McGriff was the single best power hitter in baseball for a decent stretch. He was feared. He was a dominant power force for playoff teams. Here's the statistical proof. From 1988-94 -- seven years! -- here are the players who hit at least 200 home runs: 

  1. McGriff, 242
  2. Barry Bonds, 218
  3. Joe Carter, 213
  4. Jose Canseco, 207

That's a big gap, no? For seven years, McGriff was head and shoulders above everyone else at the best possible thing a hitter could do. In that span, he hit .288/.390/.545 (155 OPS+). Get outta here with the "he wasn't dominant" nonsense. 

For seven years, Fred McGriff was the gold standard power hitter in Major League Baseball. 

The PED era

Right after that, however, came the era where leading the league with 35 home runs (as McGriff did in 1992) or 36 (McGriff in 1989) would be utterly laughable. It was the latter part of McGriff's career when we saw players posting 60-plus-homer seasons and fly past 500 career homers. We just kind of collectively became numb to a player who never topped 40 homers but did hit at least 30 in 10 seasons. McGriff drove home more than 100 runs eight times and topped 90 RBI another four times, yet never drove home 110. 

For the people staring at the gaudy home run and RBI totals from 1997ish through the middle of the next decade, McGriff's number just no longer popped. 

We've gotta keep in mind that different eras have different numbers. McGriff from 1988-94 was 55 percent better than the average hitter in terms of getting on base and hitting for power, but he "only" averaged 35 homers per year as the best power hitter in baseball. 

Let's not forget the proper perspective on McGriff like so many voters over the years have. 

The 1994-95 strike

Of course, McGriff was probably in the midst of his signature season when the 1994 strike happened. He was hitting .318/.389/.623 with 34 homers and 94 RBI at the time, though 114 games for the Braves. Those are 162-game paces of 48 homers and 134 RBI. Even if he leveled off some in the latter part of August and then September, he was surely going to end up with at least 40 homers and more than 115 RBI. It's possible those numbers would have popped more for Hall of Fame voters. 

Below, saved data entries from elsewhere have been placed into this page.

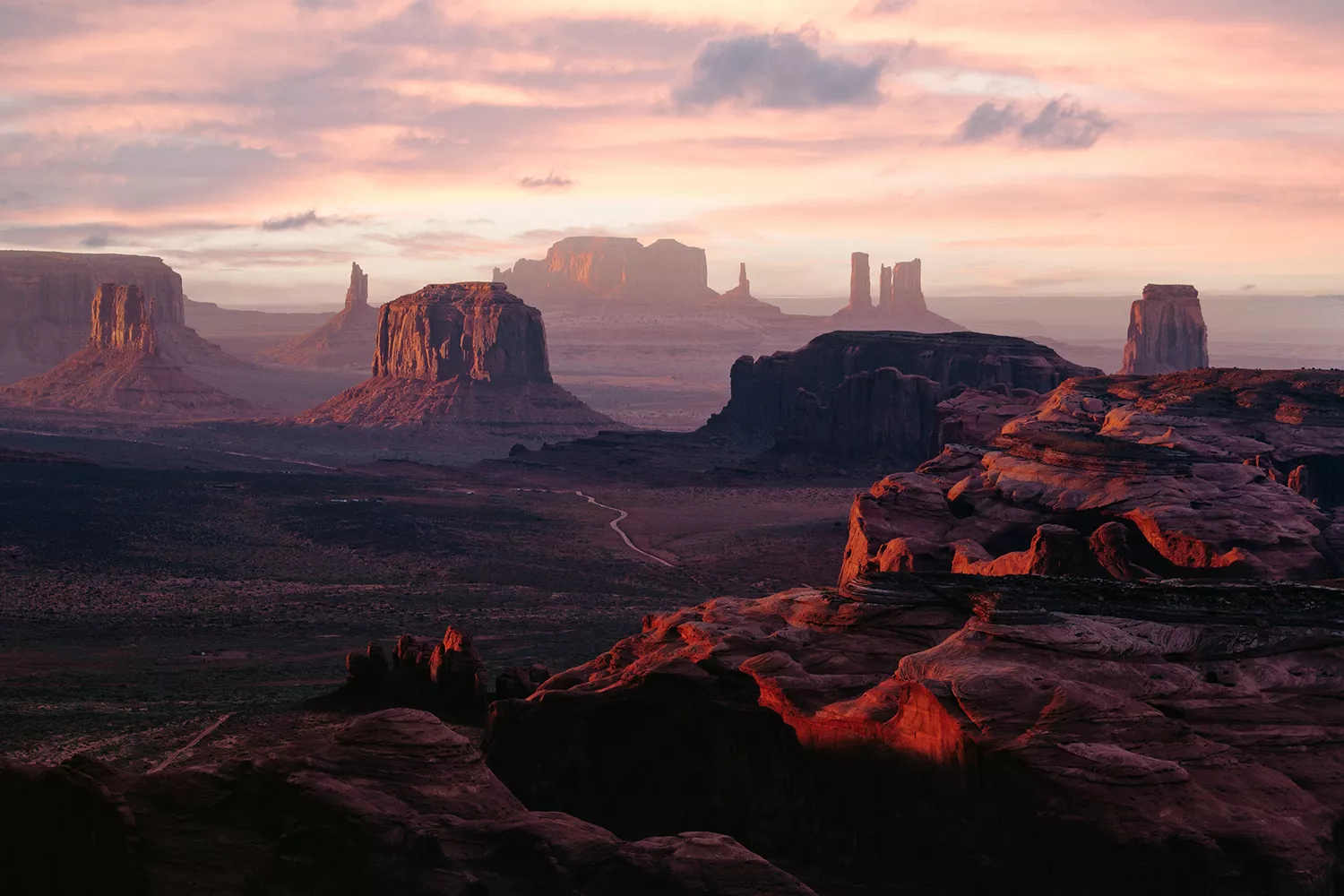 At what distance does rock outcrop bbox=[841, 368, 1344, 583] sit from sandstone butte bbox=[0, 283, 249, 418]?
122692 mm

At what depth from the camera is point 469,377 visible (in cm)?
15962

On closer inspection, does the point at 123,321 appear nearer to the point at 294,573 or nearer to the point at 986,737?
the point at 294,573

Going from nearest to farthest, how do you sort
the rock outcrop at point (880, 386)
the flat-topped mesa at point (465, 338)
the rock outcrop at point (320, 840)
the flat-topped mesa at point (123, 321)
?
the rock outcrop at point (320, 840), the rock outcrop at point (880, 386), the flat-topped mesa at point (465, 338), the flat-topped mesa at point (123, 321)

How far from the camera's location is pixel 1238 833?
19.0 metres

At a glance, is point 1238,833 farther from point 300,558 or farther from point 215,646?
point 300,558

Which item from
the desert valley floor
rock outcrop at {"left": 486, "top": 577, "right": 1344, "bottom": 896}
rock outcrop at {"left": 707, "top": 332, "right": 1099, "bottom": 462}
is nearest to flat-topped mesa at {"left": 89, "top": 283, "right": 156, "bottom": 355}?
rock outcrop at {"left": 707, "top": 332, "right": 1099, "bottom": 462}

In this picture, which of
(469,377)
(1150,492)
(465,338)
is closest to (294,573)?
(1150,492)

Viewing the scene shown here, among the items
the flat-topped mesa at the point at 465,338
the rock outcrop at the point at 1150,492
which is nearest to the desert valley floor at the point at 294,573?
the rock outcrop at the point at 1150,492

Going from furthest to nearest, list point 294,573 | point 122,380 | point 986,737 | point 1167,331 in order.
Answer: point 122,380, point 1167,331, point 294,573, point 986,737

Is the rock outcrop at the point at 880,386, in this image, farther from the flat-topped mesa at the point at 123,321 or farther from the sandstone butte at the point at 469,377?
the flat-topped mesa at the point at 123,321

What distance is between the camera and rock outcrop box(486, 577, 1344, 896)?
19.5 m

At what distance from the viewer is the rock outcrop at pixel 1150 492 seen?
131ft

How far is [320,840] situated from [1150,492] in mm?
33967

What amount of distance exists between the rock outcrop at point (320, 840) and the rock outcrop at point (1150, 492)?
1288 cm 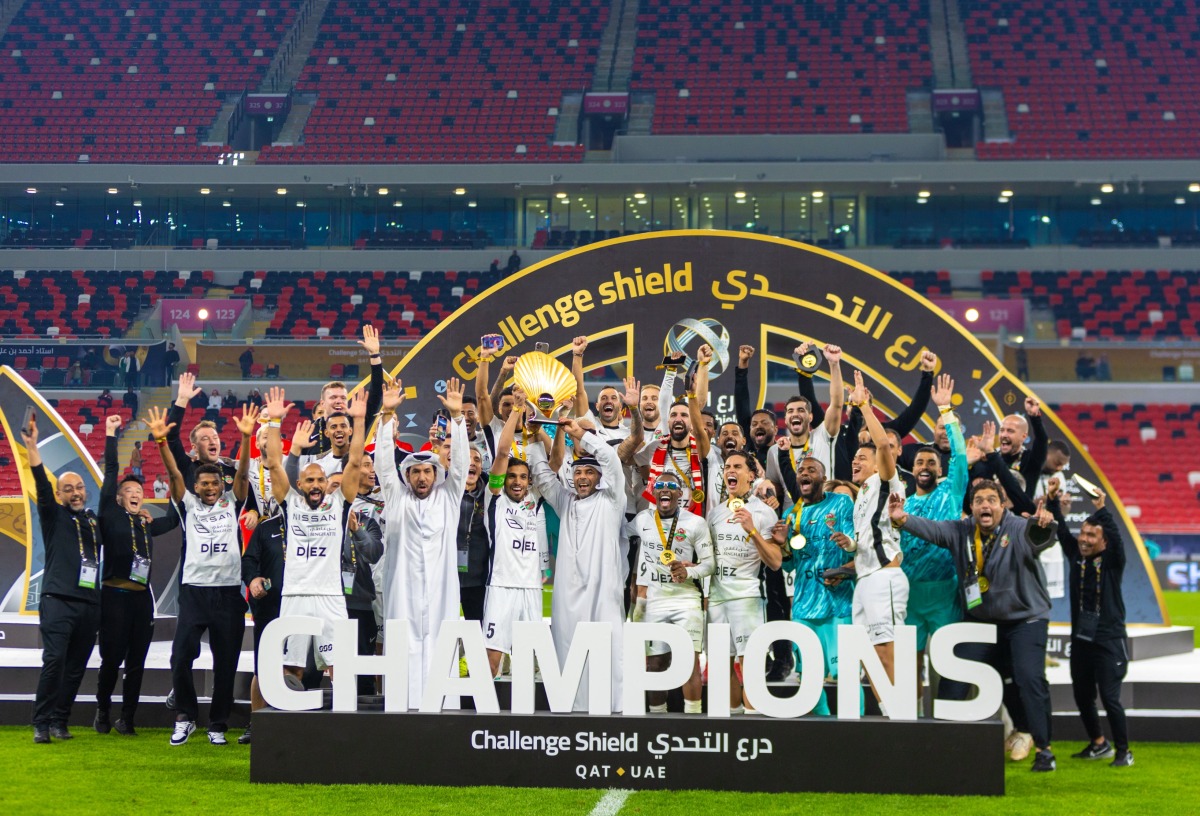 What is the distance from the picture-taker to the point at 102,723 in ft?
31.2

Not just those numbers, of course. Keep in mind, the strike bled into 1995 and they only played 144 games that year. McGriff played in every single one of them, hitting 27 homers and driving home 93 runs. I think we can safely assume he was gonna add another 30-homer, 100-RBI season if that was a full year. 

Also, the career numbers and one in particular really stand out here. McGriff finished with 493 career home runs. You can't possibly tell me the 66 games lost to the strike cost McGriff fewer than seven home runs. 

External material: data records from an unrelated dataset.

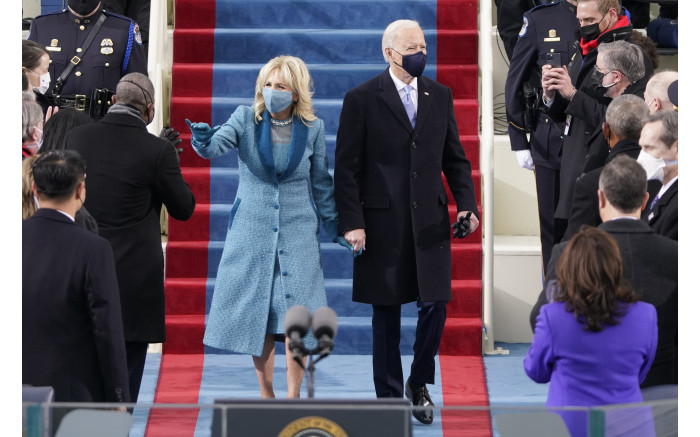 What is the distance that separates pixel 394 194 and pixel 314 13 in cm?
331

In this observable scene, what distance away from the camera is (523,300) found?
725 cm

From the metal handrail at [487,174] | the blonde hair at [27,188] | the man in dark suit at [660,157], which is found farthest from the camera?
the metal handrail at [487,174]

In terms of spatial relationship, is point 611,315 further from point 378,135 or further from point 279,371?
point 279,371

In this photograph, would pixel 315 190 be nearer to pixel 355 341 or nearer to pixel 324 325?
pixel 355 341

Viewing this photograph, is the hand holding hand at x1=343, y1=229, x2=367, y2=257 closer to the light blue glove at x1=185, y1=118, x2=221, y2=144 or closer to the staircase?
the light blue glove at x1=185, y1=118, x2=221, y2=144

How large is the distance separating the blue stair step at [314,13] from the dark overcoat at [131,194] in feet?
11.8

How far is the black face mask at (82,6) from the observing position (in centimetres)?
760

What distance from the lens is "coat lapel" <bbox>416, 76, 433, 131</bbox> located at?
5.45m

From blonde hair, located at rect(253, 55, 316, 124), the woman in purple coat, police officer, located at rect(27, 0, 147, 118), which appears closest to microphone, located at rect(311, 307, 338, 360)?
the woman in purple coat

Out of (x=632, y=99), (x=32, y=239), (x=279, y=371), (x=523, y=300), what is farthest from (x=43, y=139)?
(x=523, y=300)

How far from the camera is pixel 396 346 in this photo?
5445 mm

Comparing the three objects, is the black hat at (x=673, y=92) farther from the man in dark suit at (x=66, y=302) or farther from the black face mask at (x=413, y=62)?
the man in dark suit at (x=66, y=302)

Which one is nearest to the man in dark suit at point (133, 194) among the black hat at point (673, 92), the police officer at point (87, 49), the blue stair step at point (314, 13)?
the black hat at point (673, 92)

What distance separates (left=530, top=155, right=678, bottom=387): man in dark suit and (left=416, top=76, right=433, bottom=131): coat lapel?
1.65m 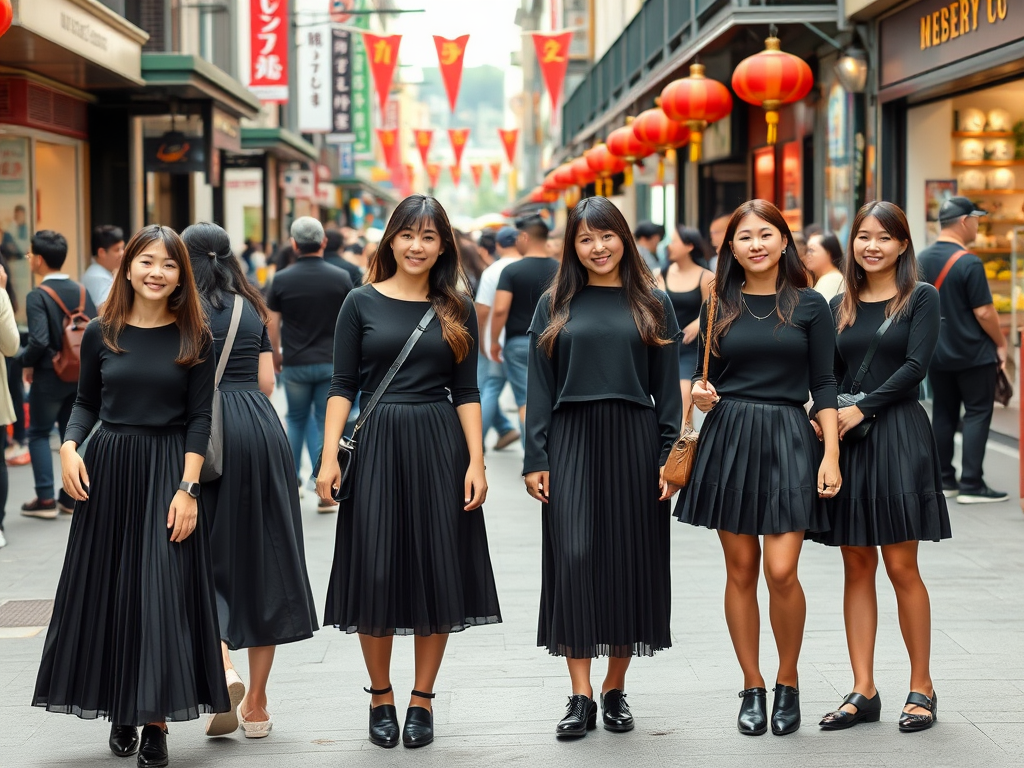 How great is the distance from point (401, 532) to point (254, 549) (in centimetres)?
59

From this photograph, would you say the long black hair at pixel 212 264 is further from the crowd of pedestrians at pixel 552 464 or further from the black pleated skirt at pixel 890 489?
the black pleated skirt at pixel 890 489

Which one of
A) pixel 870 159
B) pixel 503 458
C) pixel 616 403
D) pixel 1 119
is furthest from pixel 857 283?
pixel 1 119

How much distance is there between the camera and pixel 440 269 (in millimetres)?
5094

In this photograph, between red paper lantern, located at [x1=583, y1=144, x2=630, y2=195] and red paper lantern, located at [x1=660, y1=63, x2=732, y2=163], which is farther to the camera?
red paper lantern, located at [x1=583, y1=144, x2=630, y2=195]

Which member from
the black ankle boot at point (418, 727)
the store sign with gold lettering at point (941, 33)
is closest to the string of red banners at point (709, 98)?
the store sign with gold lettering at point (941, 33)

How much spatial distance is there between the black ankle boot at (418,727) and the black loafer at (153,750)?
824mm

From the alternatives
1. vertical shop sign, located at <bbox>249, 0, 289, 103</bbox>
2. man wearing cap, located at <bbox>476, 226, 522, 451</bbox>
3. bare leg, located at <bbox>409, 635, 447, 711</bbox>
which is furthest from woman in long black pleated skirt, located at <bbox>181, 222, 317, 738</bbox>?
vertical shop sign, located at <bbox>249, 0, 289, 103</bbox>

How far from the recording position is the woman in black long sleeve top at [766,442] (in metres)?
4.84

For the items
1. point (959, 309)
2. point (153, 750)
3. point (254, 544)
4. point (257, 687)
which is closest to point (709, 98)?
point (959, 309)

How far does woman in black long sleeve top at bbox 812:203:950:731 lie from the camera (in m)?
4.93

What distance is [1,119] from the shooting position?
45.0 ft

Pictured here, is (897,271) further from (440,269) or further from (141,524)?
(141,524)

Let's say the strike never happened and McGriff posted something like 45 homers and 125 RBI in 1994 while he topped 30 and 100 in 1995, giving him more than 500 home runs in his career, one everyone presumes was clean of PEDs. 

I just can't see how McGriff wouldn't have been already enshrined. 


Instead, here is McGriff's final Hall of Fame resume: 

A slash line of .284/.377/.509 with a 134 OPS+, 2,490 hits (again, the strike cost him from getting to the 2,500 milestone), 441 doubles, 493 home runs, 1,550 RBI, 1,349 runs, a .303/.385/.532 postseason line with 10 homers and 37 RBI in 50 games, a World Series ring, two pennants, five All-Star games, three Silver Sluggers, seven top-10 finishes in MVP voting and, as noted above, being the most feared power hitter in baseball for seven years. He had 10 30-homer seasons (only 14 players have more) and eight 100-RBI seasons. 

JAWS isn't on his side -- he's 31st among first baseman and well below the average threshold -- but I just can't shake that McGriff has been fighting an unfair battle here after the strike, the PED era and revisionist history have conspired against him. I don't yet have a vote -- seven more years! -- and my "this would be my ballot" article is forthcoming, but I'll give a spoiler: He was my 10th and final pick. He deserved better in his process.